NGOs’ Postcard from Haiti: it’s not a pretty picture

In January, PovertyCure noted the real problems with international "aid" in Haiti. The problems haven't gotten any better. Julie Walz and Vijaya Ramachandran from the Center for Global Development reinforce the fact that NGOs and international aid are doing next to nothing to improve the situation in the poorest country in the Western Hemisphere. They state: The $9 billion that was disbursed to NGOs and other intermediaries in a period of twenty-seven months has been spent largely without consultation of local Haitians.  Almost no one we interviewed had been contacted by members of the foreign assistance community to discuss local needs. Perhaps most disheartening is this:

We repeatedly heard stories about the unintended economic and social consequences of the influx of foreign workers.  Housing costs in certain areas have skyrocketed – rentals easily go for over $30,000 per year, with some houses being rented for a lot more. Restaurants and supermarkets in certain areas of Petion-ville cater exclusively to foreign tastes, and prices of basic goods have been driven up to a level that even middle-class Haitians cannot afford.  Social norms and practices have been impacted as well.  We heard stories about how houses built by NGOs after the quake were not appropriate for most Haitian families–tradition dictates a partition in the house, no matter how small, but the new homes did not have these.  Rumors that access to temporary tents meant access to permanent housing in the long term caused families to split up, sometimes with disastrous social consequences.  The leader of a small, grassroots NGO explained to us that he now has difficulty drawing people to meetings and outreach unless he provides food or compensation for participants, like the foreign NGOs do.  The Haitian concept of “konbit” (working the land of other farmers as part of the community) has been challenged as foreign NGOs have started to pay farmers on an individual basis for soil-conservation and community farming.  One of our interviewees pointed out to us, gently, that some NGOs are “slowly destroying the fabric of Haitian society.” (Emphasis added.)
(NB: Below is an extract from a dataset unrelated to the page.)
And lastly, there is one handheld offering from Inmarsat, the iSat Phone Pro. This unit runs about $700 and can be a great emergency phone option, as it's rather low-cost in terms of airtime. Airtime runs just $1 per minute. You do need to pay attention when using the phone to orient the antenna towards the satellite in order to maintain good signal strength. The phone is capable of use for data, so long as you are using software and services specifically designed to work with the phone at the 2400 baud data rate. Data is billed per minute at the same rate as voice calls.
The international aid machine seems to run on the mantra of "do the same thing over and over, but expect different result": little or no consultation with locals, catering to foreign workers and not focusing on local needs, and tearing apart the most fundamental unit of society - the family - but somehow expecting economic recovery. The underlying assumption of this whole enterprise is, "The poor of Haiti (or any other developing country) can't handle things themselves; we need to step in and do it for them."
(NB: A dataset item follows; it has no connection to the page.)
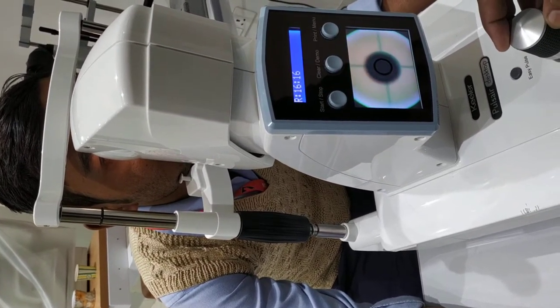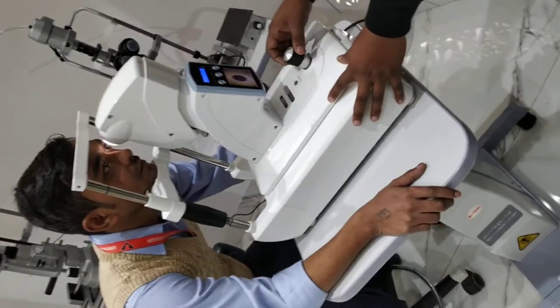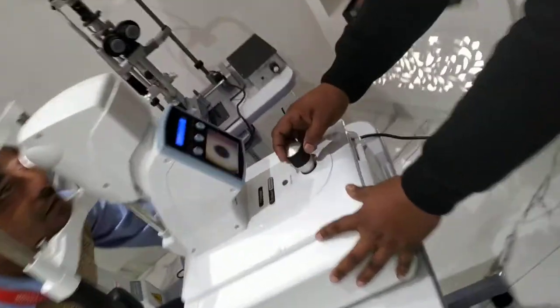Within seconds you will get the data. Now we have to move right to left — right to left, automatically.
Peter Greer, of Hope International addressed this topic succinctly:

Doing the long-term development, helping people provide for their own needs, is not a quick fix. The easiest thing to do is to have an abundance of things, and to give it away, and that’s going to make a difference for today. It’s much more difficult to work with that family, help them get on their feet, help them provide for their own needs. That doesn’t happen with a light switch. It doesn’t happen by just giving them something. It happens through relationship, it happens through long-term investment of time and resources to build up individuals, so that they can take care of their own needs and take care of their own families.

It is time to help Haiti: not by creating more "quick fixes", but by truly partnering with the men and women of that nation to help them provide for themselves.